Unfortunately the weather was not as sunny and cloudless as you often see in pictures but it was nevertheless a beautiful overnight outing on a local barge with great facilities and excellent food.
We arranged for the customary overnight trip. firsst there is a three hour drive from Hanoi to the coast and then the overnight excursion through the scenic islands on an indigenous barge. There is lots of traffic but luckiy all the boats are of the traditional type which makes the whole scene look much more authentic. On the boat we had a fabulous dinner and even a karaoke entertai nment.

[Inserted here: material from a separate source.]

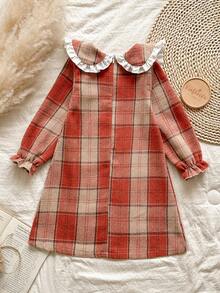 Vintaside Kids Váy len cổ búp bê kẻ caro màu nâu ấm áp, tay dài vừa phải, phong cách sinh viên ngọt ngào và cổ điển này có họa tiết caro đỏ cam và kaki, vừa cổ điển vừa dịu dàng. Được làm từ vải tweed thô, váy có độ dày vừa phải và dáng rộng. Ve áo rộng với viền ren trắng và nơ trắng ba chiều ở giữa, tạo điểm nhấn ấn tượng. Thiết kế khóa kéo phía sau giúp bạn dễ dàng mặc vào và cởi ra. Váy phù hợp để mặc đi học. - Nhiều màu - Xem 2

The whole out with its stopover at islands and caves was a great ending to a fabulous three week trip.
Here is a short update! During the month of February I have experienced and participated in the Chinese New Year's celebrations in Singapore. First of course I cleaned, in true Chinese fashion, my boat, paid my bills and got ready for the year of the Tiger! On new year's eve I was invited to a family dinner with the traditional Chinese Lao Yu Shen dish. This is a mixture of noodles, seafood, vegetables and sauces. it is all on a big plate on the middle of the table. Everybody gets up and tosses the food with their chopsticks high into the air and mixes it. The result was fantastic and I am going to get the recipe for next year. In Singapore one can buy all the ingredients in one package... well I am not sure whether I will still be here.

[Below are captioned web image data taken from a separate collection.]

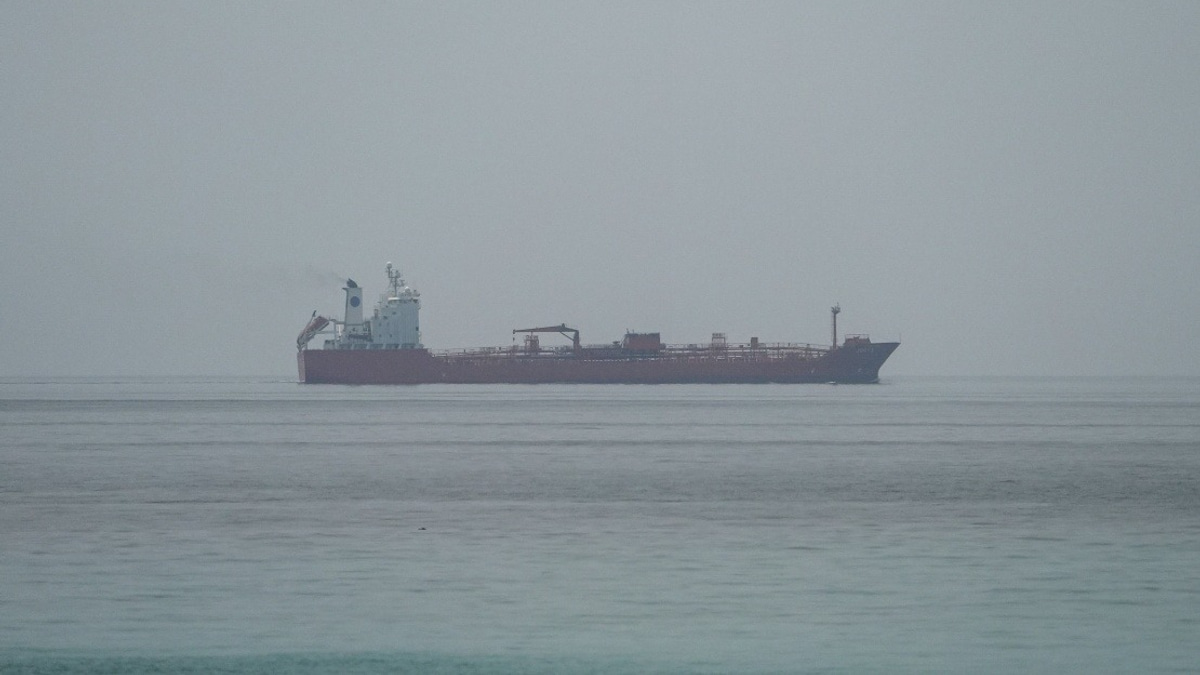 Oman Pledges Free Transit Through Strait of Hormuz Under New Iran-US Accord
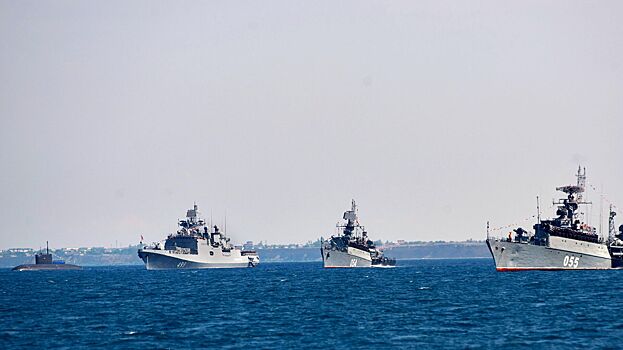 Трамп объяснил прибытие кораблей ВМФ РФ в порт Гаваны слабостью Байдена
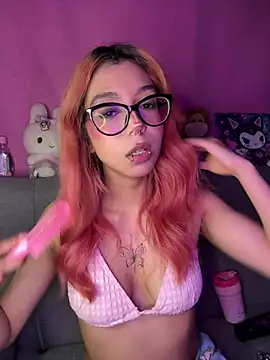 Valen-Foxx1 webcam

After this initial dish, we indulged in al Chinese banquet with lots of dishes. My eternal question is: how come the Chinese in general are so skinny, particularly the young ones and children!
Singapore during the two week holiday season is somewhat chaotic, particularly in the shopping centers. One of the big events I attended was the "Chingay" parade at the Pit building parade grounds. It was fabulous and for your vicarious enjoyment I attach both a small movie.

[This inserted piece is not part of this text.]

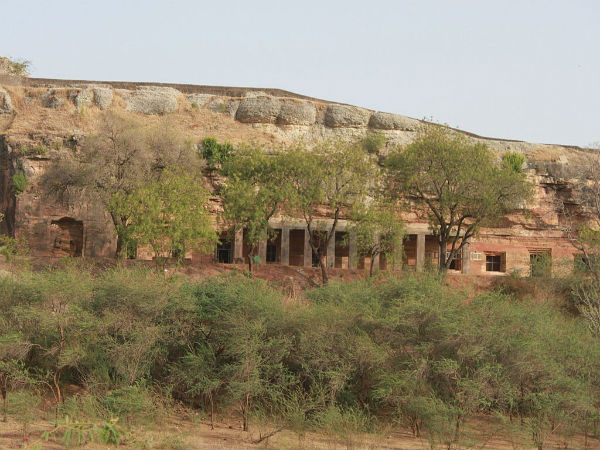 4- बाघ गुफाएं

As for the next couple of months I have changed my plans: instead of sailing to Borneo I will take a land-trip from April 7-29 to Vietnam. I am flying with my friend Vicky to Ho Chi Minh City (Saigon) and then travel up the coast to Hanoi and fly back from there. I hope to share my pictures and impressions with you in my next blog entry.
Have a good year of the Tiger!
XMAS LIGHTS ON ORCHARD STREET IN SINGAPORE
Time flies! I cannot believe that it is already Christmas again and a new Year is around the corner. I guess the older one gets, the faster the time flies by!
I have been around this part of the world already more than a year and still enjoy it! I really like Singapore, it is a city that offers a lot - concerts, theatres, museums, beautiful parks and particularly my favorite, the botanical gardens. I still have not seen everything and plan a "tourist" month in January to explore all that is still a mystery to me.
As I told you in my last blog, I have got busy with an organization that has for its goal to replicate a kind of On Lok. In view of this I have visited a lot of elderly in their homes, have seen nursing homes, special elderly housing, day care centers etc. etc. Not only am I getting very familiar with the lifestyle of the Singaporeans but I am also making lots of new friends. Well not exactly the usual lifestyle of an 81 year old but I enjoy it and it keeps me going. But inspite of all these land based pleasures, I am still very happy to live on the boat and I have a hard time considering a sedentary life style in Hawaii yet!
I am planning a summer trip to Borneo, Malaysian Sarawak and Sabah and the kingdom of Brunei. I found some people who would like to come with me, so it might become a reality after I haul the boat for the usual bottom work and checkup. But things are never certain with me but planning is fun.
I hope you are all well and wish you all a very Merry Christmas and above all a happy and successful New Year!